Gegen zehn, nach dem Tatort, klopft der Mann aus Köln an meine Zimmertür. Er hat sich fein gemacht: Schwarze Hose, offenes, weißes Hemd. „Setz dich doch“, ich deute auf einen Sessel.
Jemand fängt an zu schreien, laut und quäkend.
„Telefon. Annette will dich sprechen. Sofort. Telefon. Telefon.“
Erschrocken stelle ich die Flasche Wasser wieder hin und sehe zur Tür. Der Mann greift in seine Hosentasche und zieht sein Handy heraus. „Das ist nur mein Klingelton“, sagt er.
„Pssst“, ich halte den Finger auf die geschlossenen Lippen und deute zur Wand. Der Düsseldorfer kennt diesen Klingelton wahrscheinlich gut.
„Telefon“, schreit es wieder, „Annette will dich sprechen. Sofort. Telefon. Telefon.“
Der Mann drückt einen Knopf und setzt sich auf mein Bett, ich bleibe auf dem Sessel sitzen. Er beugt sich zu mir hinüber. Wieder fängt das Handy an zu schreien: „Telefon...“
„Warum stellst du es nicht aus?“, frage ich.
„Dann wird es schlimmer, nachher“, sagt er.
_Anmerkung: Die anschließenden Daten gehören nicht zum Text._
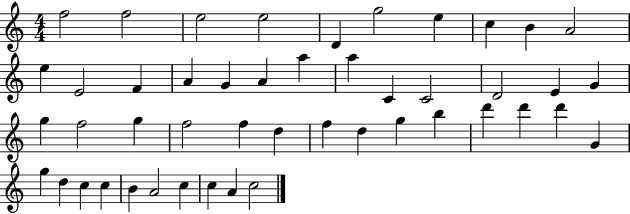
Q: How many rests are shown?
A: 0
Küssen geht, stelle ich fest. Küssen und dabei an etwas Schönes denken, das ist okay. Er zieht sein Hemd aus, ich streichle die glatte, braungebrannte Haut, meine Hand rutscht auf den Bauch. Er zieht mich aufs Bett, kneift leicht in meine Brüste, seine Hand wandert in meine Hose.
Als ich ihn nach einem Kondom frage, verschwindet seine Erektion auf Nimmerwiedersehen.
Das Telefon  fängt an zu schreien. Ich bringe ihn zur Tür.